▸ **ASSIGNED TASK**
Give the data back exactly. Leave out any images.

▸ **Short text fragments from websites**
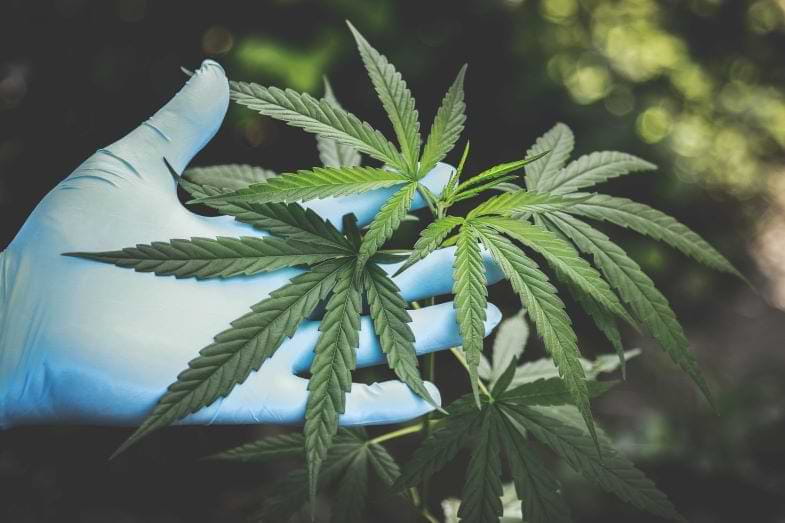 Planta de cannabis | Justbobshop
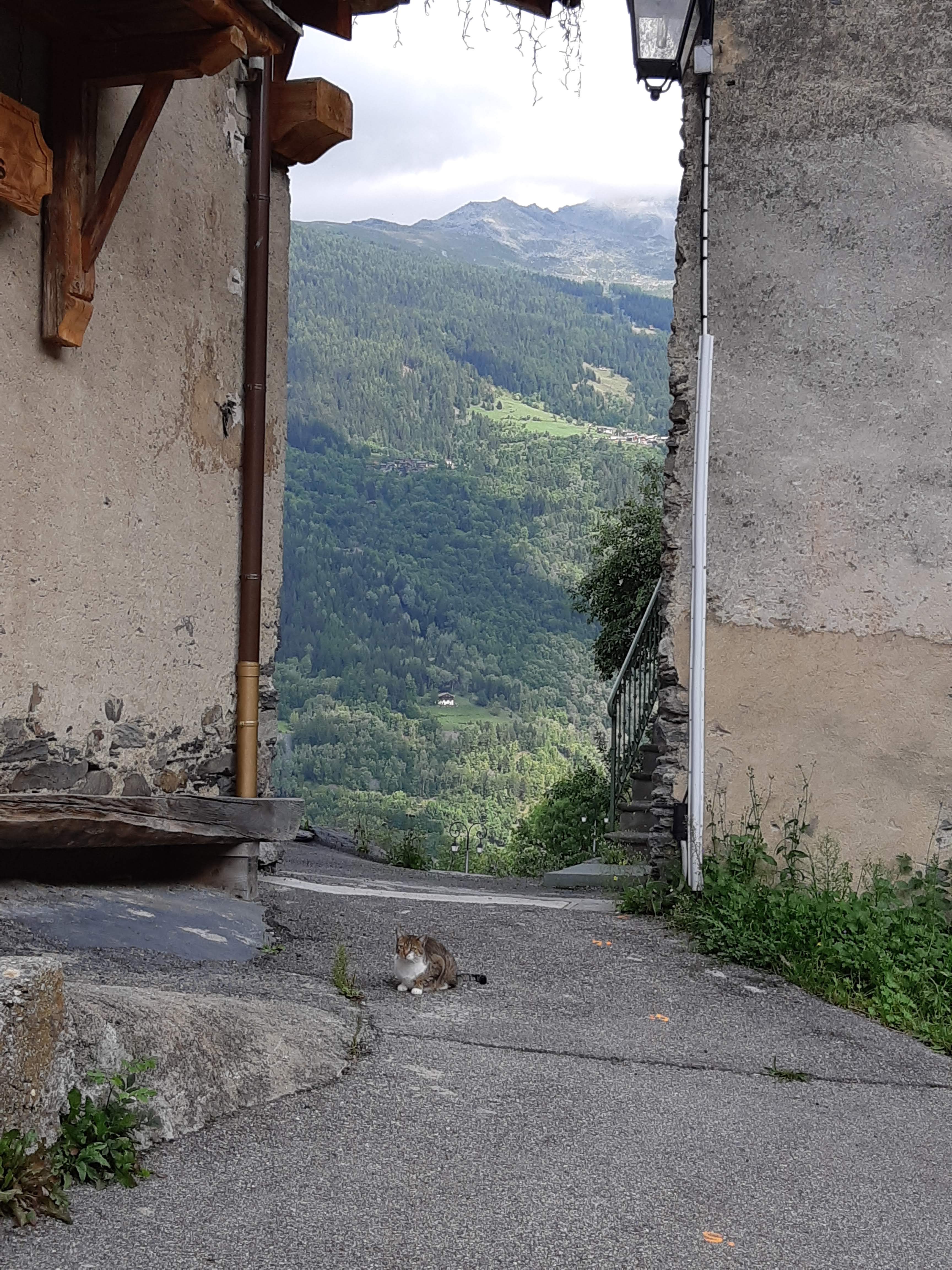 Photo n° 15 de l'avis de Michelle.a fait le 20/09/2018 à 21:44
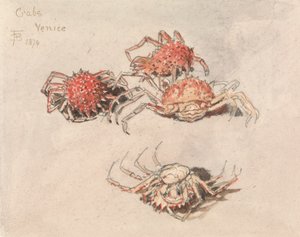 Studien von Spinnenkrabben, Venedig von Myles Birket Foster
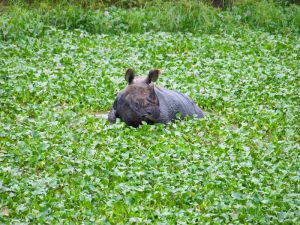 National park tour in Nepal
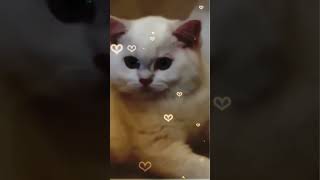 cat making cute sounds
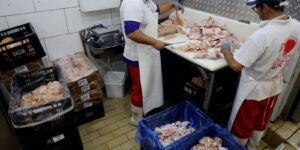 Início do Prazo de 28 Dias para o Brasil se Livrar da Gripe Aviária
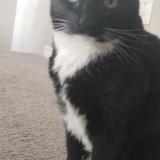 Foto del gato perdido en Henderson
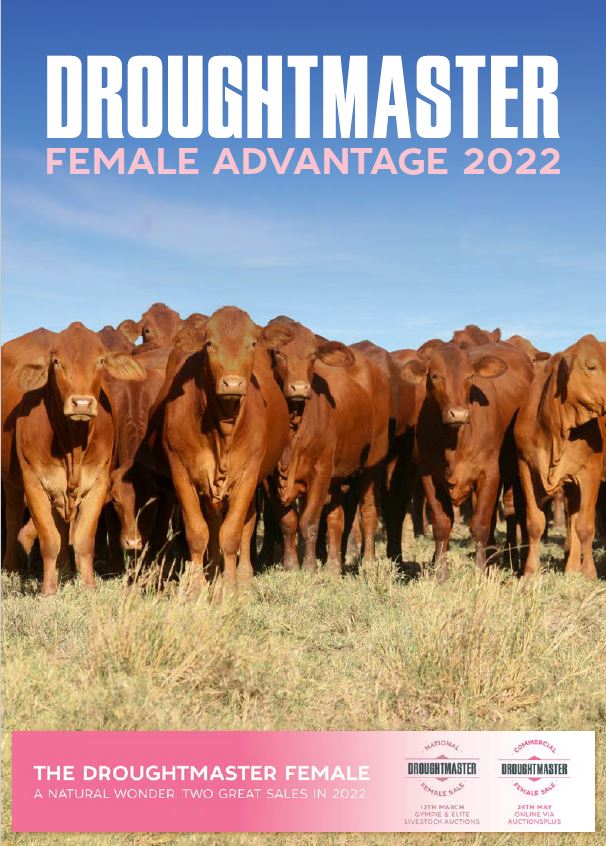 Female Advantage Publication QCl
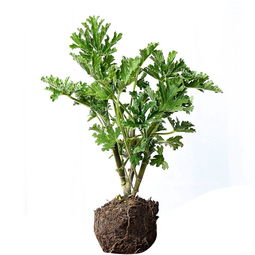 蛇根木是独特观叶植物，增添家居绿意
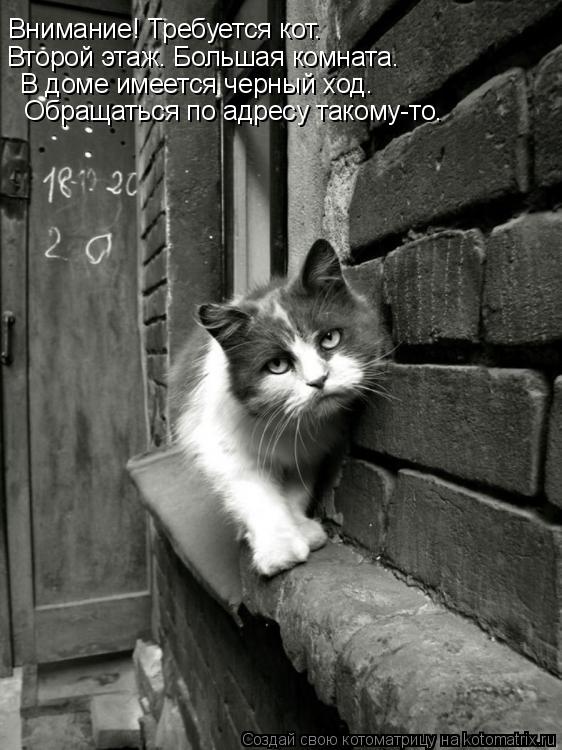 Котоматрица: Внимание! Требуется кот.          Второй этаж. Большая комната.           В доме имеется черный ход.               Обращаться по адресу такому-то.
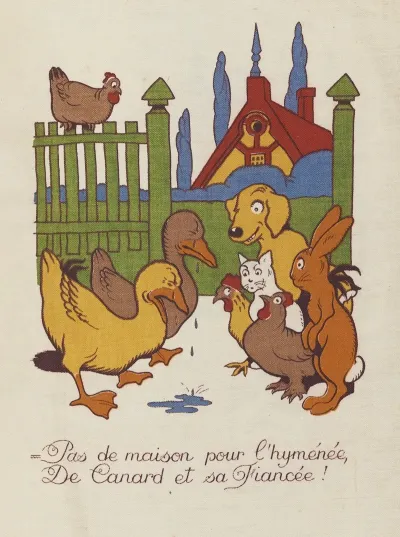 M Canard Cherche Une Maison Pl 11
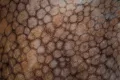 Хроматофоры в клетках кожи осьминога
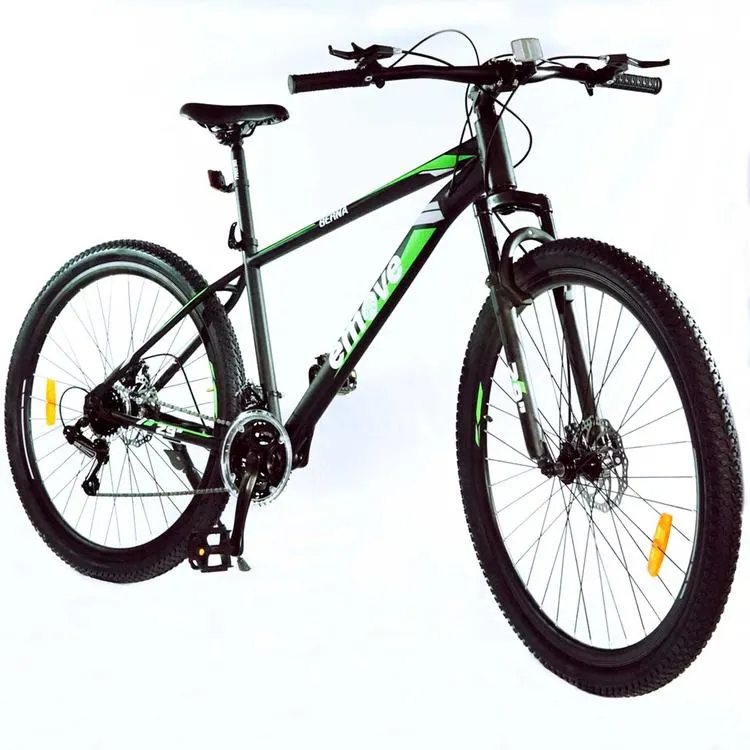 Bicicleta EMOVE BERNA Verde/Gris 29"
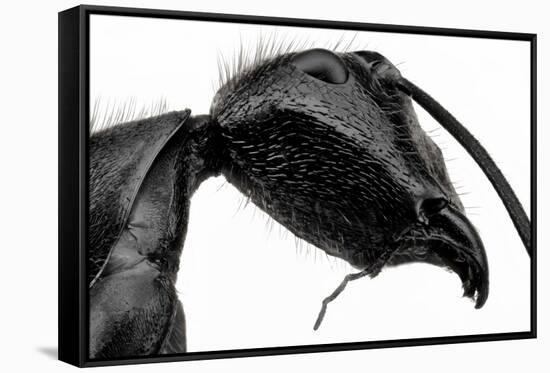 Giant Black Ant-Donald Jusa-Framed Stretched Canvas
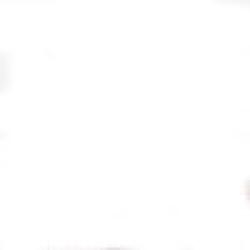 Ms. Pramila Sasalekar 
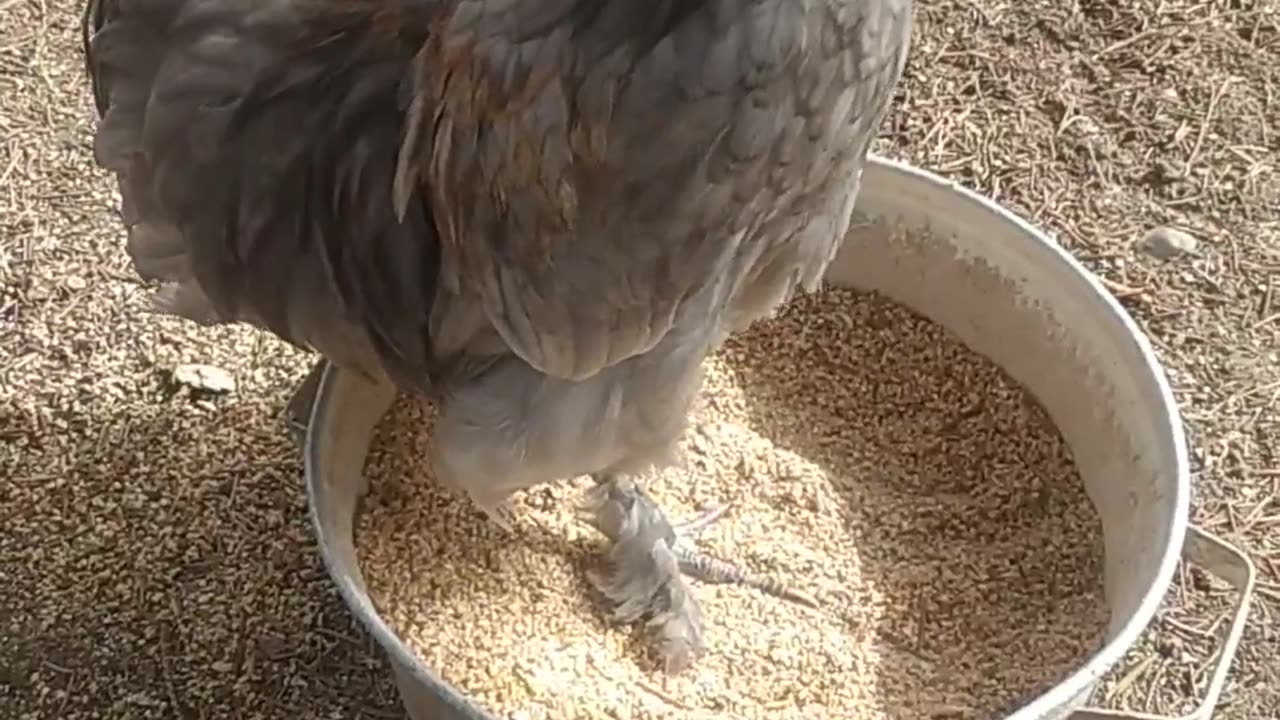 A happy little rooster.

▸ **OUTPUT FOR THIS EXERCISE**
 Planta de cannabis | Justbobshop
 Photo n° 15 de l'avis de Michelle.a fait le 20/09/2018 à 21:44
 Studien von Spinnenkrabben, Venedig von Myles Birket Foster
 National park tour in Nepal
 cat making cute sounds
 Início do Prazo de 28 Dias para o Brasil se Livrar da Gripe Aviária
 Foto del gato perdido en Henderson
 Female Advantage Publication QCl
 蛇根木是独特观叶植物，增添家居绿意
 Котоматрица: Внимание! Требуется кот.          Второй этаж. Большая комната.           В доме имеется черный ход.               Обращаться по адресу такому-то.
 M Canard Cherche Une Maison Pl 11
 Хроматофоры в клетках кожи осьминога
 Bicicleta EMOVE BERNA Verde/Gris 29"
 Giant Black Ant-Donald Jusa-Framed Stretched Canvas
 Ms. Pramila Sasalekar 
 A happy little rooster.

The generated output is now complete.